According to the activist, the document contains photo and sections with personal and physiological data, such as information about scars and tattoos, data on any drug treatment or mental problems, as well as about the organization the supervised person is affiliated with. Noskovets refused to provide these data. “Then they tried to persuade me: “It will only take five minutes,” “We were told by our supervisors.” I said, “Five minutes? That’s what it will take you to document the tattoos and scars? Should I undress right here?”
In the end Noskovets had to write a statement that during the Olympics she undertakes to express her civic position exclusively by legal means. On the same day Popkov, a lawyer, got a phone call from a local police officer Alexei Zaponkov. “I was invited for a “friendly conversation.” When asked what exactly the conversation would be about, Zaponkov started to ask me whether I was engaged in any public or religious activities. To which I replied that if they wanted to talk to me about these issues, they should summon me with a subpoena.”
Popkov intends to report the incident to the regional bar association. He assumes that the interest of law enforcement agencies has something to do with his work as an attorney for Sochi political activists: “It’s about attorney-client privilege. I cannot disclose any information relating to my clients.”
The attorney notes that he is not familiar with the police officer he had spoken to, although he knows all the officers in his precinct. Most likely, he suggests, the caller was one of Interior Ministry employees sent here to reinforce the local staff. According to official data, 40,000 police officers will be in charge of providing security at the Olympics, including 25,000 from other regions.
On the same evening, they tried to arrest David Hakim, one of the leaders of the local branch of the “People’s Alliance” party, and Yulia Naberezhnaya, a representative of the “Environmental Watch on North Caucasus”, after a series of pickets in support of ecologist Evgeni Vitishko. (Recently, a court found him guilty of “damaging the fence” around Tkachev (the regional governor) country house, and sentenced him to three years in prison.)
The picket was held next to the clock that shows the countdown to the Olympics. Once the organizers noticed the police around the site, they decided to end the rally. The activists moved to a cafe, located in a mall on Platanovaya alley to discuss the results of the action and meet with their lawyer, Alexander Popkov. At the exit of the mall they were stopped by the police officers, one of whom was sergeant Ishchenko who detained and booked David Hakim after one of his political actions two years ago.

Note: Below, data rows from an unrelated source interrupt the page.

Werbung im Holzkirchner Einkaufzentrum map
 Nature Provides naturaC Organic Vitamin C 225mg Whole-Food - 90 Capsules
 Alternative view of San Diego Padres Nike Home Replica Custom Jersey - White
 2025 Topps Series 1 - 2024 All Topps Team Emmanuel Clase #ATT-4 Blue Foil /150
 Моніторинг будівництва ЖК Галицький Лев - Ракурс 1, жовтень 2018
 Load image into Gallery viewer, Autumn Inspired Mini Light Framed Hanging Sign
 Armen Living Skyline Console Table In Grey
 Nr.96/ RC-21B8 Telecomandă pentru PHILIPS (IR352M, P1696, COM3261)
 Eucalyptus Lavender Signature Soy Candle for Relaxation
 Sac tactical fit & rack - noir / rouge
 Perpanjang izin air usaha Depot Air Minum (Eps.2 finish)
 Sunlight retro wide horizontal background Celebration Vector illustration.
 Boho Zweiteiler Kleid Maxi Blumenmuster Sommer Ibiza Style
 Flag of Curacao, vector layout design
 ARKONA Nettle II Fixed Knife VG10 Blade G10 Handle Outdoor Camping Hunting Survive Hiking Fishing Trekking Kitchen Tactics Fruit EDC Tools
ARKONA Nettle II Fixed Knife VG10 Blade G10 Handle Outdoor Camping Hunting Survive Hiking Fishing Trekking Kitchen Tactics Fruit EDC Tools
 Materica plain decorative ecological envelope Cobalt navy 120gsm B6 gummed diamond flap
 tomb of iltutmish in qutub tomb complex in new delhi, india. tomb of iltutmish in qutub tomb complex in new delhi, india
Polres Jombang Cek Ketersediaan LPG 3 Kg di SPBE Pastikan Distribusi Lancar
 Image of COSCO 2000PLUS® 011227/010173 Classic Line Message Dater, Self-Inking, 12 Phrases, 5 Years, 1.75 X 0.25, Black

Police asked the activists to show them their ID, but Popkov who happened to be there, reminded the officers, that they must have a valid reason for checking the documents. Then Ishchenko said that they had received some information that Hakim was suspected to be involved in a robbery. When the documents were shown, the police officers checked the database and concluded that they had no more questions for Hakim. They also tried to ID Yulia Naberezhnaya on the basis that “she was with him,” which Popkov called inadequate and suggested that she is subpoenaed if the police suspects her to be a witness or an accomplice of an alleged offense.
The activists were let go, however, in their opinion, if it wasn’t for the attorney next to them, they could be detained: “They are trying to intimidate us, but that doesn’t make sense. If a person decided to participate in protests, he will continue to do that.”
“All this is very unpleasant – detention, checking ID, summons. And all this is done to pressure, intimidate, persuade people to keep a low profile during the Olympics. Putting pressure on activists before the Games, of course, is on the rise and has already yielded some results. Some of the prominent public figures, tired of persecution and being worried about peace and safety of their families, have already announced their intention to leave Sochi for the duration of the Olympics,” – said Alexander Popkov.